Low-cost whole slide imaging system with single-shot autofocusing based on color-multiplexed illumination and deep learning

Biomed Opt Express. 2021 Aug 16;12(9):5644-5657. doi: 10.1364/BOE.428655. eCollection 2021 Sep 1.

Abstract

Recent research on whole slide imaging (WSI) has greatly promoted the development of digital pathology. However, accurate autofocusing is still the main challenge for WSI acquisition and automated digital microscope. To address this problem, this paper describes a low cost WSI system and proposes a fast, robust autofocusing method based on deep learning. We use a programmable LED array for sample illumination. Before the brightfield image acquisition, we turn on a red and a green LED, and capture a color-multiplexed image, which is fed into a neural network for defocus distance estimation. After the focus tracking process, we employ a low-cost DIY adaptor to digitally adjust the photographic lens instead of the mechanical stage to perform axial position adjustment, and acquire the in-focus image under brightfield illumination.

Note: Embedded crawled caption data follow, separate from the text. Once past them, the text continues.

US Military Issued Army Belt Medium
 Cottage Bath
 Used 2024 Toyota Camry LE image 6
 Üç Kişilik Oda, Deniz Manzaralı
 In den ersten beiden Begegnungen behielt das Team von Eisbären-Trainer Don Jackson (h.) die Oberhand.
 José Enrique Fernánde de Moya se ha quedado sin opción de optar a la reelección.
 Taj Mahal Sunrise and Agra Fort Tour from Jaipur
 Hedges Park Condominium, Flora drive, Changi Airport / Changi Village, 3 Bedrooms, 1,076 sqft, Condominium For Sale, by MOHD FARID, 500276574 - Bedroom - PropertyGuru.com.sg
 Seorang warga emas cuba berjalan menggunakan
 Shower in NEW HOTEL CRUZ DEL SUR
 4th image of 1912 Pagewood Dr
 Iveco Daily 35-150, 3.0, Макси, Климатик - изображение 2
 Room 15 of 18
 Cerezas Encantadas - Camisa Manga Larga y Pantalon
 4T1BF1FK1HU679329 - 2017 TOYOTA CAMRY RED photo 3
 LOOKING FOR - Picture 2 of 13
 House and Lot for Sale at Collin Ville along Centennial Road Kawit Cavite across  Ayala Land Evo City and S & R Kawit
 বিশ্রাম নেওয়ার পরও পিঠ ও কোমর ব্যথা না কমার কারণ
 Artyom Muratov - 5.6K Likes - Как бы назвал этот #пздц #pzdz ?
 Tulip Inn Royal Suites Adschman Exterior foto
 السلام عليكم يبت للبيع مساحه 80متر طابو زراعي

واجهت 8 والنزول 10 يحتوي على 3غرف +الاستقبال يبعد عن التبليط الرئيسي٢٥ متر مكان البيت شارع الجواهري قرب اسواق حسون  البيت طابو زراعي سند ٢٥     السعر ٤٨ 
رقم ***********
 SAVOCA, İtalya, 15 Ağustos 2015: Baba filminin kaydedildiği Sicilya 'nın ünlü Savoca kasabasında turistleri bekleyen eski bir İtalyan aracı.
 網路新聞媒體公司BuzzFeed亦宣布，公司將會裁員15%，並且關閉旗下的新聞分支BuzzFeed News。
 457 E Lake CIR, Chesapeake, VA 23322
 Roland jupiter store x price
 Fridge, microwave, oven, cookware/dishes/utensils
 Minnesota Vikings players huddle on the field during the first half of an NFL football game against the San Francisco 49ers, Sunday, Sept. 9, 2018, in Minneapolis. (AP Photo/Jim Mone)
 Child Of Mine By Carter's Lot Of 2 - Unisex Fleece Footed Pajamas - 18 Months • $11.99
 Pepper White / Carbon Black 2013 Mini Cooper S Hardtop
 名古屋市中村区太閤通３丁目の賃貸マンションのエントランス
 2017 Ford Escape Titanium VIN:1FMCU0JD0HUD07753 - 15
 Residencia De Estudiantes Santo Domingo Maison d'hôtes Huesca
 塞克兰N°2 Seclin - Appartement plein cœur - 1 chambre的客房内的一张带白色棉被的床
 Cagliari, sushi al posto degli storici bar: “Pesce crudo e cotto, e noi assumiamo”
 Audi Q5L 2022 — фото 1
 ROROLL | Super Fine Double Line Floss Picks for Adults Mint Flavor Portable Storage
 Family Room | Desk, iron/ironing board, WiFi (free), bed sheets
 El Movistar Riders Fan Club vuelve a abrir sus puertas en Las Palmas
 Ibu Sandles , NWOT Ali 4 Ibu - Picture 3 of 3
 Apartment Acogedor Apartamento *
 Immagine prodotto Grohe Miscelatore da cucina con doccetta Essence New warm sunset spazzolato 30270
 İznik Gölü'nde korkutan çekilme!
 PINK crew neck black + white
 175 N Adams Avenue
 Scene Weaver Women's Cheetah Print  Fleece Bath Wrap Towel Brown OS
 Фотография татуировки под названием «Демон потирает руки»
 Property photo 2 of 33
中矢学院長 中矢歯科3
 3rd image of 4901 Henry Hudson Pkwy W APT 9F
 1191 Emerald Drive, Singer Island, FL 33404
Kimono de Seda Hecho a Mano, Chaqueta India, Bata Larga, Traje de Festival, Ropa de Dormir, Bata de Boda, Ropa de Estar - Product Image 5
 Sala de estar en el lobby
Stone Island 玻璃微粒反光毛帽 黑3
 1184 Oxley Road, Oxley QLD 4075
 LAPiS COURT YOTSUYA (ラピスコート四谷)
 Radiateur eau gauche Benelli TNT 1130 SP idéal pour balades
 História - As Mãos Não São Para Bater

To ensure the calculation speed and image quality, we build a network model based on a 'light weight' backbone network architecture-MobileNetV3. Since the color-multiplexed coherent illuminated images contain abundant information about the defocus orientation, the proposed method enables high performance of autofocusing. Experimental results show that the proposed method can accurately predict the defocus distance of various types of samples and has good generalization ability for new types of samples. In the case of using GPU, the processing time for autofocusing is less than 0.1 second for each field of view, indicating that our method can further speed up the acquisition of whole slide images.